Continuous data and salivary cortisol concentrations are shown as mean and standard deviation. We first assessed the normality of distribution using the Kolmogorov–Smirnov Z test, and then compared the groups using the Student’s t test for unpaired data with the correct P value adjusted after the Levene’s test for equality of variances; Spearman r test was used to assess logistic regression among variables. SE and SP were calculated at different cut-off levels to perform Receiver Operating Curve (ROC) analyses, and positive and negative predictive values (respectively, PPV and NPV) were calculated. We calculated also the positive and negative likelihood ratios (LRpos and LRneg), since they are independent from disease prevalence. LRpos value > 10 is large and often conclusive, values of 5–10 are moderate, and those in the range of 2–5 are small and increases in the likelihood of disease. LRneg levels of 0.2–0.5 indicate small, 0.1–0.2 moderate, and < 0.1 conclusive decreases in the likelihood of disease [16]. The 95% CI for LRpos and LRneg was calculated with the Simel et al.’s method [17].
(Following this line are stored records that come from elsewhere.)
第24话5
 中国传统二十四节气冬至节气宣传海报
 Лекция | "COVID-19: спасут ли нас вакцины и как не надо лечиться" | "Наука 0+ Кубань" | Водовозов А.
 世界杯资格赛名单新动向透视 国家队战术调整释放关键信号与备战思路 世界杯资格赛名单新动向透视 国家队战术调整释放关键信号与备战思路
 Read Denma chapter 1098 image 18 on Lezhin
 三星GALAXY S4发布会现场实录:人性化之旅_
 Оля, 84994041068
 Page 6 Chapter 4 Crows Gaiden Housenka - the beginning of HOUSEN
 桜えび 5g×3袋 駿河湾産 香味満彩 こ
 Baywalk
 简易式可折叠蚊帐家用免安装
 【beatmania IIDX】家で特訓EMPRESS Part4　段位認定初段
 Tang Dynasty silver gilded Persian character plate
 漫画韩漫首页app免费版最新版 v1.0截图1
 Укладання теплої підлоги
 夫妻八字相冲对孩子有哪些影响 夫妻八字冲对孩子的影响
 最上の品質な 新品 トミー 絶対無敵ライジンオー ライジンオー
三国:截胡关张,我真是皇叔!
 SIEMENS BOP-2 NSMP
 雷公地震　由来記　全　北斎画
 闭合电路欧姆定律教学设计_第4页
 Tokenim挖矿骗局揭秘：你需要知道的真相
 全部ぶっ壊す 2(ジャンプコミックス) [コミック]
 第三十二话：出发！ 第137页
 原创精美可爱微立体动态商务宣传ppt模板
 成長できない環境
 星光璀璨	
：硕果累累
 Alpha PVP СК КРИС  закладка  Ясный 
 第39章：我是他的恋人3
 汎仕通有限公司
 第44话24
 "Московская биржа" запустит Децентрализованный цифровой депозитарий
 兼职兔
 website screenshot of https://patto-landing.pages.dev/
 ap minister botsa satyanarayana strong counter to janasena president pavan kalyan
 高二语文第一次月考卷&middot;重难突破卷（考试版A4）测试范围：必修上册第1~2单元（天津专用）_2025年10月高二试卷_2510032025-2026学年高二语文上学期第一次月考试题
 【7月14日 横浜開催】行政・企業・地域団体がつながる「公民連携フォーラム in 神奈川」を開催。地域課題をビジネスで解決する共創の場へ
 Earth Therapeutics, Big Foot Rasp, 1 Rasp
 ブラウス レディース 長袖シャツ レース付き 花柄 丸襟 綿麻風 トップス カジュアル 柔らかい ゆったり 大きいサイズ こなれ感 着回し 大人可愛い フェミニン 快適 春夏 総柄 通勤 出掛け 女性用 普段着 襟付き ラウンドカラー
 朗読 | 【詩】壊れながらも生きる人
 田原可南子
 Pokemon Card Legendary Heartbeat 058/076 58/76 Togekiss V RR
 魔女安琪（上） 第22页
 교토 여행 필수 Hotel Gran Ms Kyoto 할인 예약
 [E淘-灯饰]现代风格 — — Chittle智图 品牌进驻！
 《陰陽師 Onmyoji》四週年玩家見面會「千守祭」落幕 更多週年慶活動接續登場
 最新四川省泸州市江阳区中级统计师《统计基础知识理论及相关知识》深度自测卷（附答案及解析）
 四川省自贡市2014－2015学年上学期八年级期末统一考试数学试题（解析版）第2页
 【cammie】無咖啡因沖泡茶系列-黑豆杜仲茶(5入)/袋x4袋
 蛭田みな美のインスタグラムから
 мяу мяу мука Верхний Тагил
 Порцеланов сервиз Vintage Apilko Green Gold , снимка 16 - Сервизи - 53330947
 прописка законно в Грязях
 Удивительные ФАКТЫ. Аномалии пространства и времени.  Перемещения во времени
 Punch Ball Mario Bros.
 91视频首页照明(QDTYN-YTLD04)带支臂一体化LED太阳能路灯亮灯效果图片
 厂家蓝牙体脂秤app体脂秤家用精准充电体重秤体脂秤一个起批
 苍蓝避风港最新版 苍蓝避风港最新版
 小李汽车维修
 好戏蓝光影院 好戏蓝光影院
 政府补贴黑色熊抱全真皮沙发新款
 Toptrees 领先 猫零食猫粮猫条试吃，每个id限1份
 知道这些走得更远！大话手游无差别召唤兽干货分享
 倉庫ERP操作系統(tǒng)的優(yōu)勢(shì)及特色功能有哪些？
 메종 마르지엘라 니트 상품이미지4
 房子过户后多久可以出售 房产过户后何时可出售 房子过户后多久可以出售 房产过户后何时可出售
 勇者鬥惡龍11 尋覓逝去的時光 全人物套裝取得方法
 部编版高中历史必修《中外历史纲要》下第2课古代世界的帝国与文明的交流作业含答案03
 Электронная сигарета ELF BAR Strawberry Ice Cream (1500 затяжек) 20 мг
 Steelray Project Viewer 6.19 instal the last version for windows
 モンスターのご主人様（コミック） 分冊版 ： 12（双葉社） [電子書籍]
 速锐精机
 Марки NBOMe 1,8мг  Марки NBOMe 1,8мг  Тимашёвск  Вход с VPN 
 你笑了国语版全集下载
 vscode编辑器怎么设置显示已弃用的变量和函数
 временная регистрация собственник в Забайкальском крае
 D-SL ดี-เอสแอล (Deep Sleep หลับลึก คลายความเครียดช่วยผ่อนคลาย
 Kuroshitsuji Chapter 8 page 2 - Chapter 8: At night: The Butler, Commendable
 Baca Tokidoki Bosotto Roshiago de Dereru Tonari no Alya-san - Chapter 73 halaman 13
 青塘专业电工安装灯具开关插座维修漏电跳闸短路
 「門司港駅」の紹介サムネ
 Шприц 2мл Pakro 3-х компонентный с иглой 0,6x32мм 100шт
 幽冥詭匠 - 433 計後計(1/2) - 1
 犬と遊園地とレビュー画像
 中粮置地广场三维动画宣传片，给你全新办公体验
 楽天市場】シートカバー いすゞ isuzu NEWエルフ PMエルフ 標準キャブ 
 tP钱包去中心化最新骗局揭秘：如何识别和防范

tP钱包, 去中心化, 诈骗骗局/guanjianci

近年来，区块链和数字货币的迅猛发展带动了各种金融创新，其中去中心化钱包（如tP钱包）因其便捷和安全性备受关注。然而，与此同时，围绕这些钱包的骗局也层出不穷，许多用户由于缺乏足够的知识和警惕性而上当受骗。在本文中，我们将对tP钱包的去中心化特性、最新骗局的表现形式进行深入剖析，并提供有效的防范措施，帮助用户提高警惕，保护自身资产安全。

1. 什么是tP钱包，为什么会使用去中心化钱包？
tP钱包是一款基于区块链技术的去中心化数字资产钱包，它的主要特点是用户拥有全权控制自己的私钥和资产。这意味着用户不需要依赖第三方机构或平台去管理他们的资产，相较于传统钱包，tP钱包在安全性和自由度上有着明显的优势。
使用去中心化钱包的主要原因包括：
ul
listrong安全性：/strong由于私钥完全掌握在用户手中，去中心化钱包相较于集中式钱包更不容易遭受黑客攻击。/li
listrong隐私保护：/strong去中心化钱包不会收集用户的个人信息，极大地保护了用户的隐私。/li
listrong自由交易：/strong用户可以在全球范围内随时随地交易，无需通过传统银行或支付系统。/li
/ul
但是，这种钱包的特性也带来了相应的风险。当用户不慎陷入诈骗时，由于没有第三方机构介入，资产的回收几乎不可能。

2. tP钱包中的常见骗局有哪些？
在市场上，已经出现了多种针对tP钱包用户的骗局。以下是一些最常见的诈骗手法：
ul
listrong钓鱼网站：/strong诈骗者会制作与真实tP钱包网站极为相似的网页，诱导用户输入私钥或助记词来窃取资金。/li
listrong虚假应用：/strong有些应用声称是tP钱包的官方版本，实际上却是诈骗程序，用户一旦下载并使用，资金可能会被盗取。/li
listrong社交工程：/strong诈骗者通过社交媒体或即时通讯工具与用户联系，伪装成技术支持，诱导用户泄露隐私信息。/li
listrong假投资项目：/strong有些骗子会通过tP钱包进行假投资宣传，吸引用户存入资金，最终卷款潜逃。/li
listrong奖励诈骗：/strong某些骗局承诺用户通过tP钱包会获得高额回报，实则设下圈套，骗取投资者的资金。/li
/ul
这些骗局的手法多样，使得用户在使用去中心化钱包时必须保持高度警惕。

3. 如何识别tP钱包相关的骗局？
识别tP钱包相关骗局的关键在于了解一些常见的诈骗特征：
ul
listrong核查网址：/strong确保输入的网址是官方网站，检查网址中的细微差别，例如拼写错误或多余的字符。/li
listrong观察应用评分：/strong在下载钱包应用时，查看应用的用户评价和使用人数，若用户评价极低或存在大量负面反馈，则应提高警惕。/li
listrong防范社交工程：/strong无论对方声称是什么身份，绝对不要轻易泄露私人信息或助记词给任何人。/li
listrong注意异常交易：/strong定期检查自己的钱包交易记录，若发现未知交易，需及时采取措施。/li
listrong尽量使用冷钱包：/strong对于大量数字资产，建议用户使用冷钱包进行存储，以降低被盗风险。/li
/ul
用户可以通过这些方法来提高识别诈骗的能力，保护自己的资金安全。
Linear regression was used to examine the relationship between UFF or UFF/UFE and age. Statistical analysis was performed using the SPSS 16 software package (SPSS, Inc, Chicago, IL, USA). The significance level was set at a p value < 0.05 for all the tests.

Results

Patients with suspected CS, CS, and non-CS, presented higher LNSC levels than control group (Table 1, Fig. 2). Only one subjects with a final diagnosis of CS, as depicted in Fig. 3, presented normal LNSC. On the other hand, we found a large number of false-positive results: 35 out of 81 subjects with increased LNSC were non-CS (15 diabetic and 20 obese patients). LNSC was similar among control group and patients with adrenal incidentaloma. The diagnostic accuracy of LNSC (and other tests when performed according to our protocol) is reassumed in Table 2. All patients with CS presented at diagnosis with unsuppressed serum cortisol after 1-mg DST; only one revealed normal MSC (UFC and LNSC both increased) and one normal UFC (and impaired cortisol rhythm).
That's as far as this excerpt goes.